··· Data extracts ···

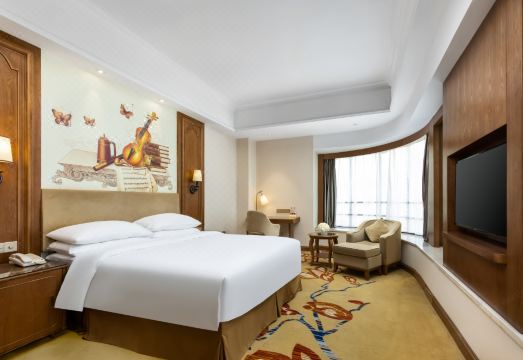 Vienna International Hotel (Guangzhou  Baoneng Performing Arts Center Jinfeng Station Branch))) Hotel Overview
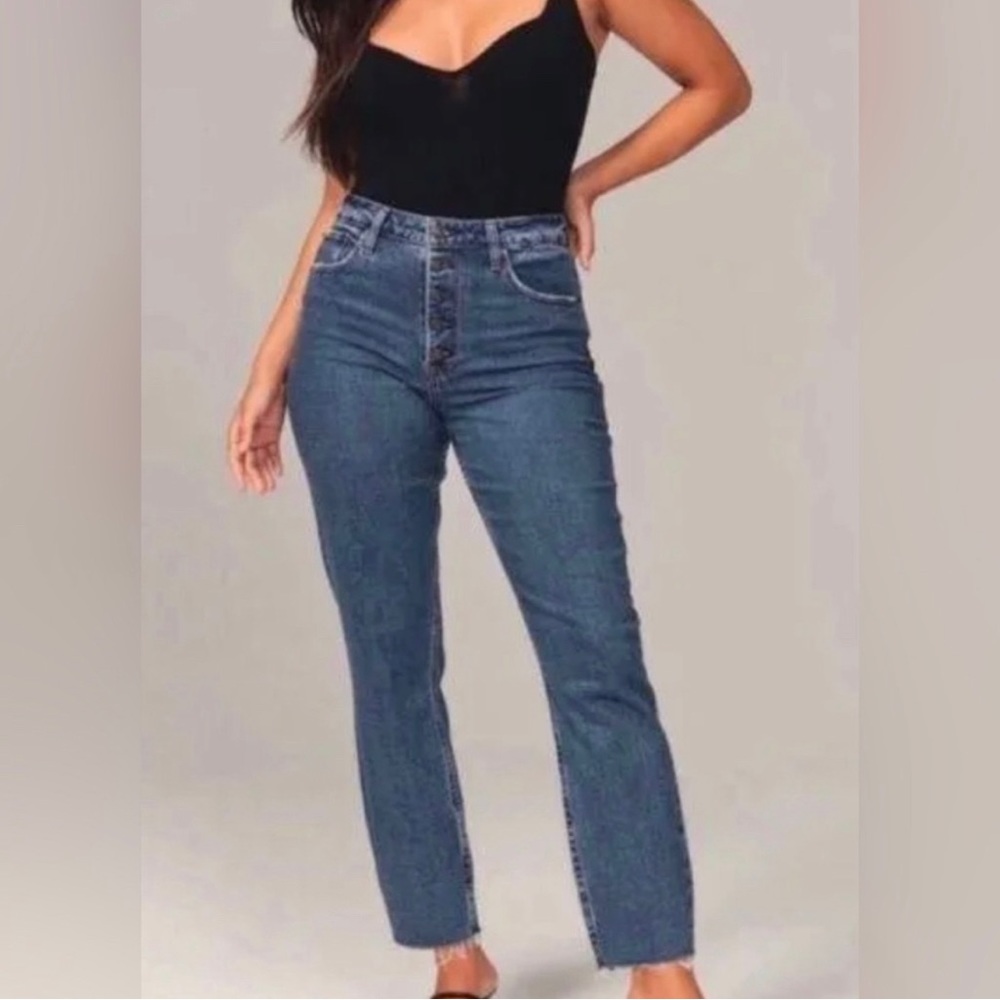Abercrombie & Fitch Women's Straight Leg Jeans - Medium Blue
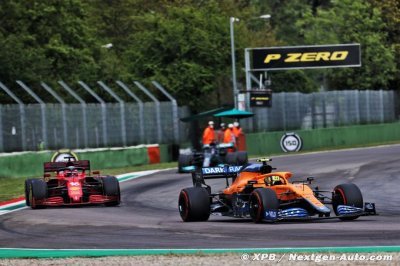 Leclerc prédit une ’bataille très amusante’ entre Ferrari et McLaren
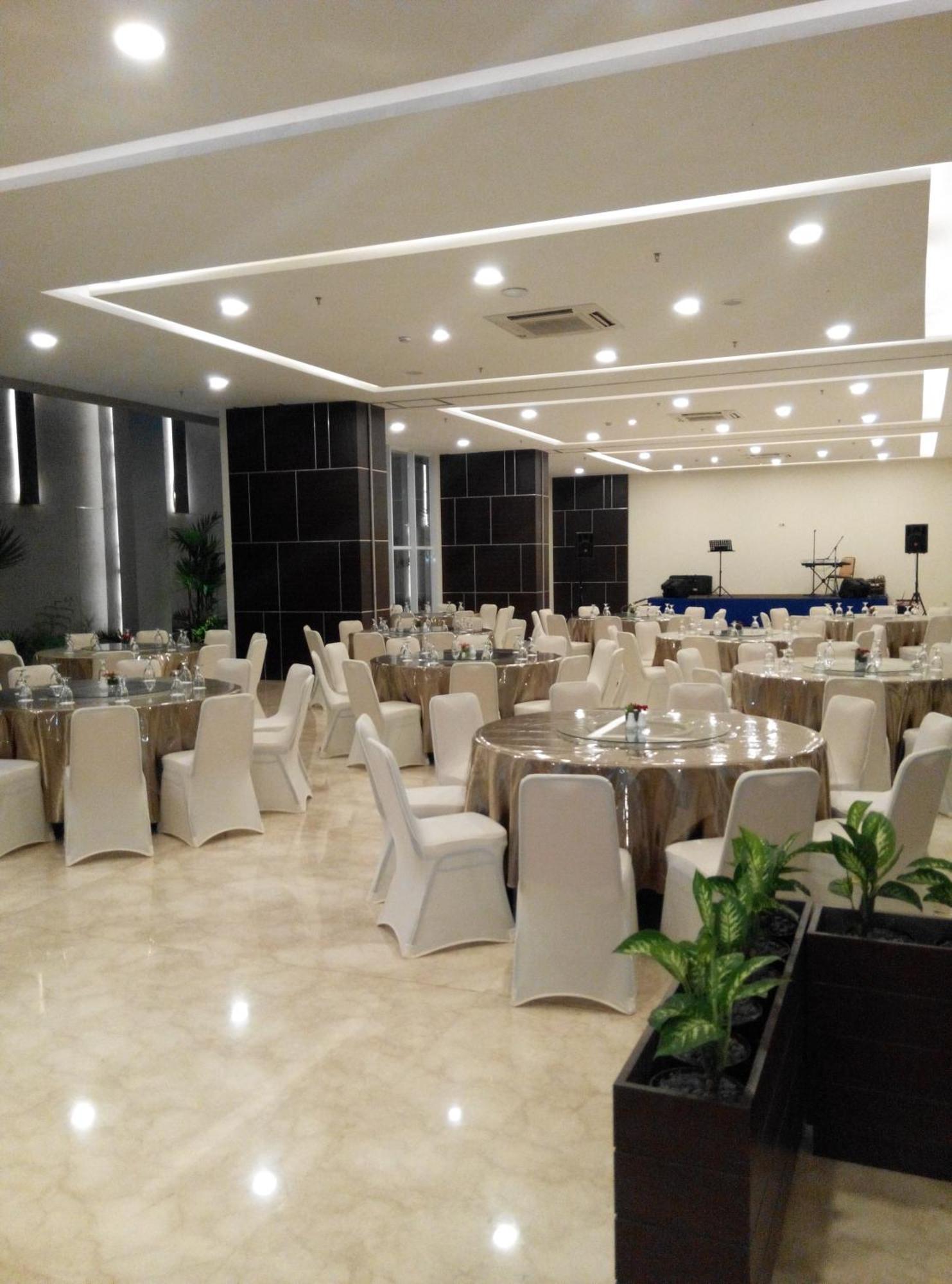 Atlantic City Hotel Bandung Exterior foto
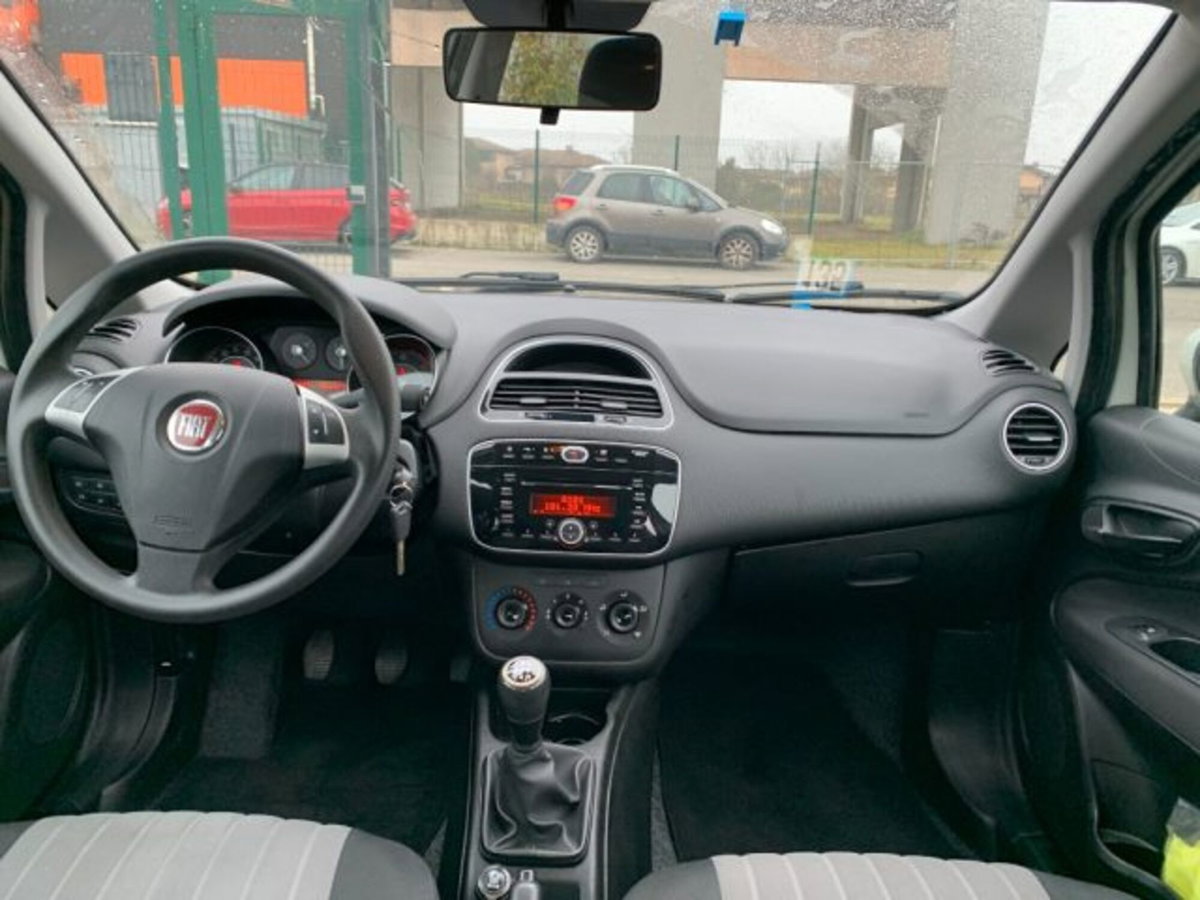 Fiat Punto 1.3 MJT II S&S 95 CV 5 porte Street (13)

···

Copy the records shown above in their entirety and exactly; images are to be left out.

 Vienna International Hotel (Guangzhou  Baoneng Performing Arts Center Jinfeng Station Branch))) Hotel Overview
Abercrombie & Fitch Women's Straight Leg Jeans - Medium Blue
 Leclerc prédit une ’bataille très amusante’ entre Ferrari et McLaren
 Atlantic City Hotel Bandung Exterior foto
 Fiat Punto 1.3 MJT II S&S 95 CV 5 porte Street (13)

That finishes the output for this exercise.